When the issue of desegregation arose, it met economic realities. The Great Depression was a recent memory, and priests—Archbishop John Glennon among them—were afraid to alienate donors, particularly wealthy families with Southern roots. Among those who favored desegregation, many thought it prudent to let things happen organically rather than force the issue. Typical of these was Claude’s brother Joe, a dentist who quietly treated black patients at the parish rectory on Saturdays but vehemently opposed forcible desegregation.

Controversy comes calling

For Father Heithaus, however, the next few years were uneventful: he taught archeology and classics at St. Louis University and became Director of Student Publications, overseeing the university’s student newspaper. He also tried, and failed, to set up a museum at the university, something that would become a recurring theme in his life.

This changed in February 1944, when Heithaus walked into his office to find a copy of the Pittsburgh Courier on his desk. A front page article detailed attempts by a black high school student to apply to Webster College, a St. Louis area school staffed by the Sisters of Loretto. Ultimately St. Louis Archbishop John Glennon made it abundantly, although obliquely, clear that the Sisters were not to admit the young woman, Aloyse Foster.

To be fair, a growing number of people—laity and clergy, black and white—had been working behind the scenes to change the status quo. A group of concerned individuals had selected Aloyse Foster as a promising candidate, laid the groundwork for her application to Webster College, and agreed to pay her tuition.

Leaving the Courier so Heithaus would find it was an attempt to draw him into the fray. And it succeeded. In his words, “After I read that article, I said to myself, ‘this can happen to St. Louis University any day, because if those nuns are guilty, then we’re guilty on a grand scale.’ … I decided to do something about it.”

In a few days Heithaus was scheduled to preach the homily at the weekly student Mass at St. Francis Xavier College Church. “I figured this [was] my chance to just climb over all possible barricades, and talk directly to those students,” he said later.

As he climbed the steps to the pulpit on Friday, February 11, Heithaus sensed that he was about to do something momentous, and he knew it was too late to back out. The St. Louis Post Dispatch already had a copy of his sermon; to be published in that day’s noon edition.

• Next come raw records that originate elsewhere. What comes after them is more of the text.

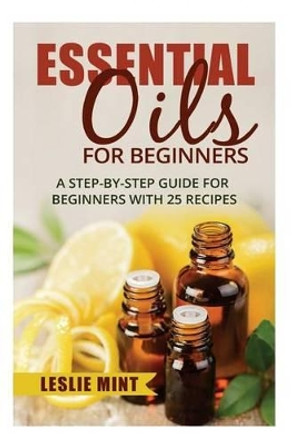 Essential Oils for Beginners: A Step-by-Step Guide for Beginners with 25 Recipes by Leslie Mint 9781518772870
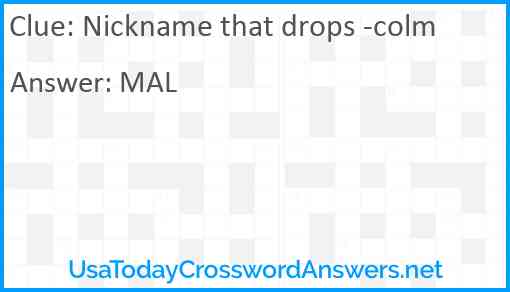 Nickname that drops -colm Answer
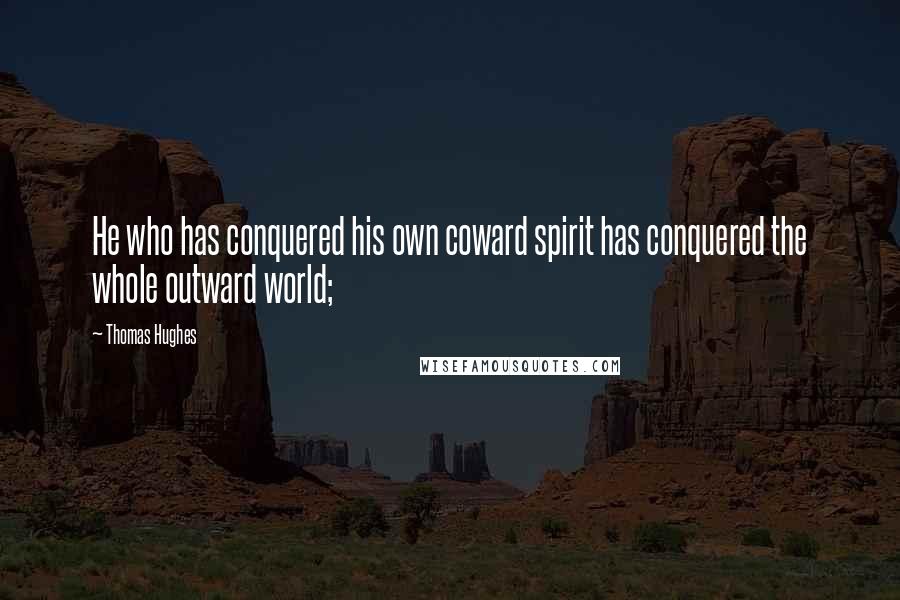 Thomas Hughes Quotes: He who has conquered his own coward spirit has conquered the whole outward world;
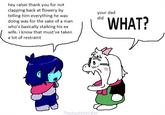 hey ralsei thank you for not clapping back at flowery by telling him everything he was doing was for the sake of a man who's basically stalking his ex wife. i know that must've taken a lot of restraint your dad did WHAT? TheApathetickat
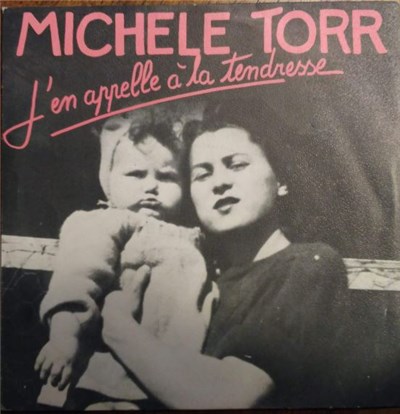 Michèle Torr - J'en Appelle À La Tendresse download mp3 flac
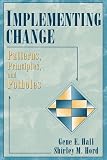 Implementing Change : Patterns, Principles, and Potholes
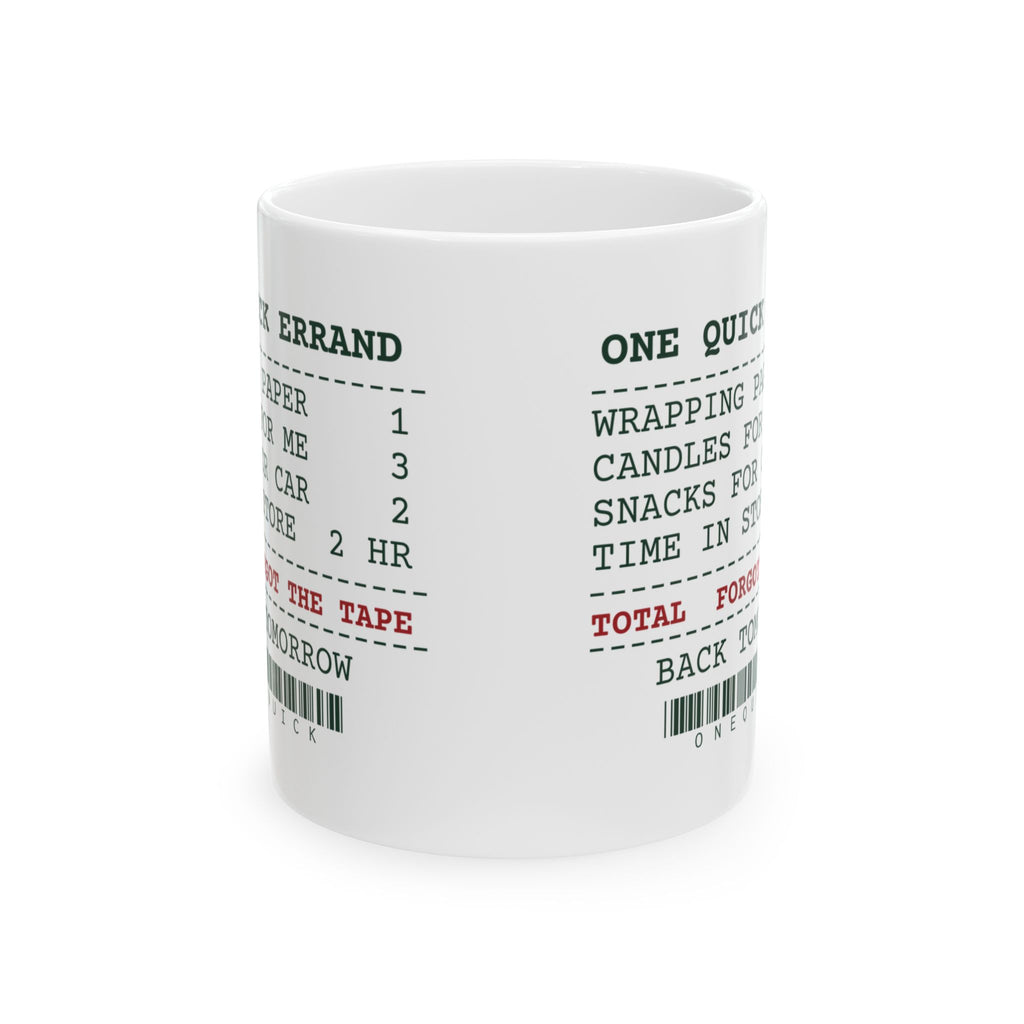 Funny Christmas Shopping Coffee Mug One Quick Errand Forgot The Tape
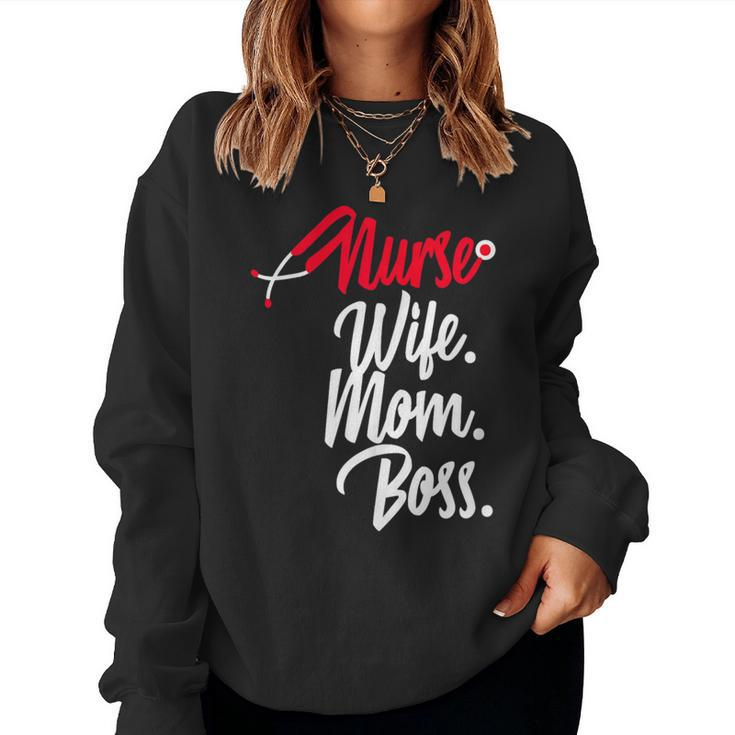 Nurse Wife Mom Boss Retro Nurse Sayings Quotes Nursing Women Sweatshirt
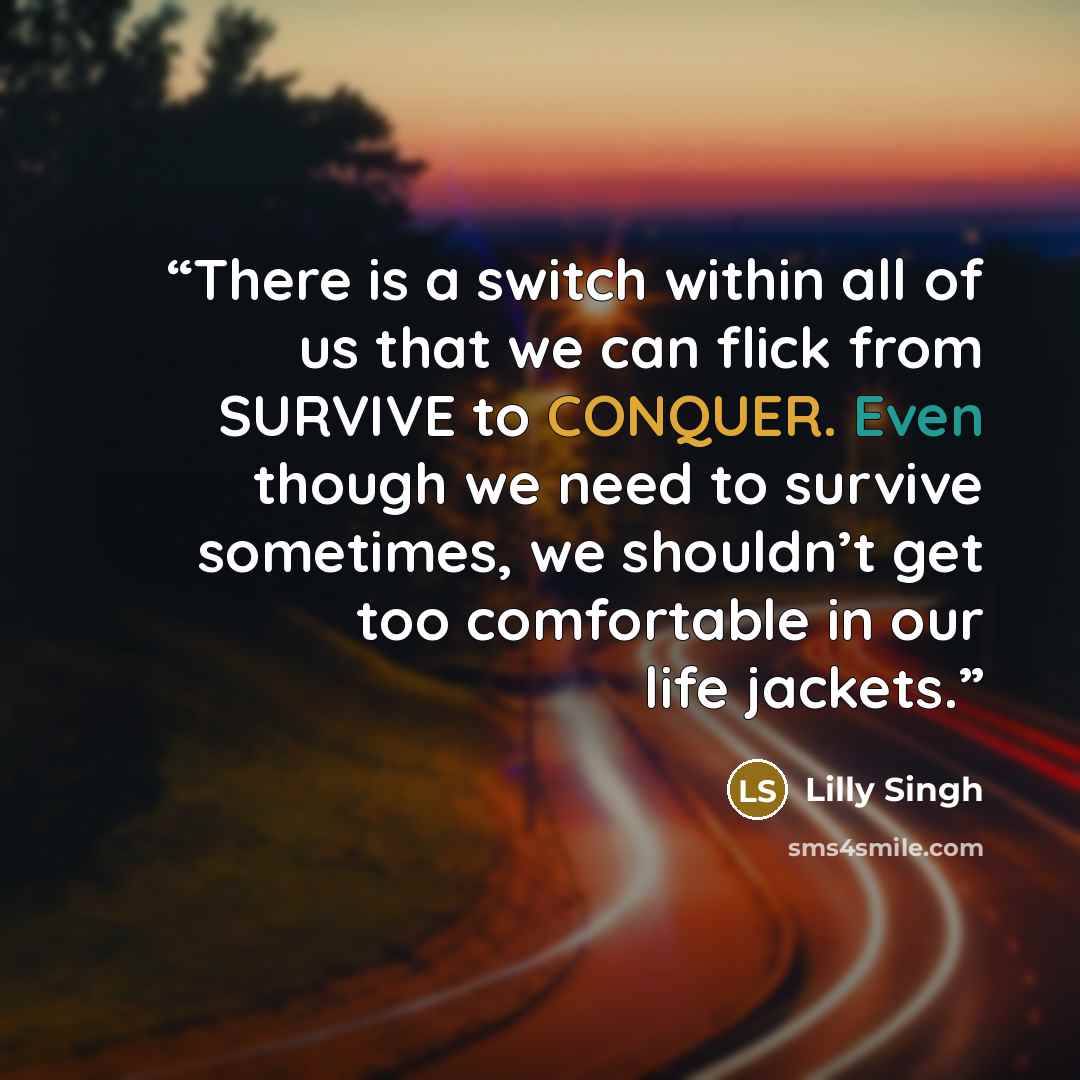 “There is a switch within all of us that we can flick from SURVIVE to CONQUER. Even though we need to survive sometimes, we shouldn’t get too comfortable in our life jackets.” quote by Lilly Singh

An editor from the Post Dispatch was stationed in the choir loft. And “to make sure I did preach that sermon,” Heithaus had taken the precaution of sending the University News to the printers with a front page article on the yet to be preached homily.

“Speaking with slow intensity,” as reported by the Post Dispatch that evening, he began:

It is a surprising and rather bewildering fact, that in what concerns justice for the Negro, the Mohammedans and the atheists are more Christ-like than many Christians. The followers of Mohammed and of Lenin make no distinction of color, but to some followers of Christ, the color of a man’s skin makes all the difference in the world.

Christ “founded one church through which all were to be saved,” Heithaus continued. He spoke of the Apostles, “who taught these doctrines to all races and all colors,” and the saints, who “believed Our Lord when he said that whatsoever we do to the least of His brethren, we do also to Him.” He noted that the Pope “made black men bishops of Christ’s church and invested them with all the sublime powers and dignities which the Son of God gave to the Apostles.” Finally, he contrasted the joy of the Blessed Trinity “when a Negro receives Our Lord in Holy Communion” with the attitude of those who “say that it is indelicate to kneel beside a Negro at the Communion railing.”

Heithaus was warming to his subject:

Jesus denounced injustice in the highest places, and He threatened the oppressors of the downtrodden with hell-fire, but some people say that the Society of Jesus should connive at a wrong that cries out to heaven for vengeance.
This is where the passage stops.